Not sure why everyone is going on about certificate transparency logs when the answer is right there in the user agent. The company is scanning the ipv4 space and came upon your IP and port.
Finding IP does not mean finding the domain. When doing HTTP request to IP you specify the domain you want to connect to. For example you can configure your /etc/hosts to have xxxnakedhamsters.google.com pointing to 8.8.8.8 and make the http request, which will cause Google getting the domain request (i.e. header Host: xxxnakedhamsters.google.com) and it will refuse it or try to redirect to http. Of course it's only related to HTTP because HTTPS will require certificate. That's why they're speaking about certificates.
But there's no evidence in the OP's post that they have, in fact, discovered the domain. The only thing posted is that there is a GET request to a listening web server.
The OP and all the people talking about certificates are making the same assumption. Namely that the scanning company discovered the DNS name for the server and tried to connect. When, if fact, they simply iterate through IP address blocks and make get requests to any listening web servers they find.
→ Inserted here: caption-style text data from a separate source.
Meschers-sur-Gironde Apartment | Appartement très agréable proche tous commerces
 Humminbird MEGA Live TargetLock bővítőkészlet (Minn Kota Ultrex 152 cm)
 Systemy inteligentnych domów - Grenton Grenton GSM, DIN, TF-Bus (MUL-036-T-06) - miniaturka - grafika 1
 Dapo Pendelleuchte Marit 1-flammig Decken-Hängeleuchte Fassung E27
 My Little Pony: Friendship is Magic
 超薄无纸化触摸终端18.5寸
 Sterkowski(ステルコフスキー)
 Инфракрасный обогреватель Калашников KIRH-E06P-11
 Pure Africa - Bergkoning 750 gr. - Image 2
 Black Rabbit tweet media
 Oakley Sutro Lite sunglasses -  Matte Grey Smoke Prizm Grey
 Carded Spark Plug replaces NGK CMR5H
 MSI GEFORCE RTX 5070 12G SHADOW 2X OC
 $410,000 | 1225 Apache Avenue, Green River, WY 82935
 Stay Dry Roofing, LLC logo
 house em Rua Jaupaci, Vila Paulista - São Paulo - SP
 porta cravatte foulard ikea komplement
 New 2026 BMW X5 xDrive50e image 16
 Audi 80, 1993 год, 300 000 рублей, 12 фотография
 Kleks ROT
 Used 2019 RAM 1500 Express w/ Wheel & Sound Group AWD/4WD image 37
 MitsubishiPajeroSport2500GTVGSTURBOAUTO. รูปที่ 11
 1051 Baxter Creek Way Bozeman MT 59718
No they didn't. They said "How did the internet find my subdomain?" They're assuming the internet found their subdomain. They don't provide any evidence that happened, just that they found their IP address.
Depending on the web server's configuration, you very much _can_ find the domain which is configured on an IP address, by attempting to connect to that IP address via HTTPS and seeing what certificate gets served. Here's an example:
> Web sites prove their identity via certificates. Firefox does not trust this site because it uses a certificate that is not valid for 138.68.161.203. The certificate is only valid for the following names: exhaust.lewiscollard.com, www.exhaust.lewiscollard.com
That doesn't really matter, though. While OP is using Cloudflare, the actual server behind it is still a publicly-accessible IP address that an IPv4 space scanner can easily stumble upon.
I misunderstood, I thought the subdomain was an R2 bucket. If it's just normal Cloudflare proxying to some backend this is probably the most likely answer.
That said, while I think it's not the case here, using Cloudflare doesn't mean the underlying host is accessible, as even on the free tier you can use Cloudflare Tunnels, which I often do.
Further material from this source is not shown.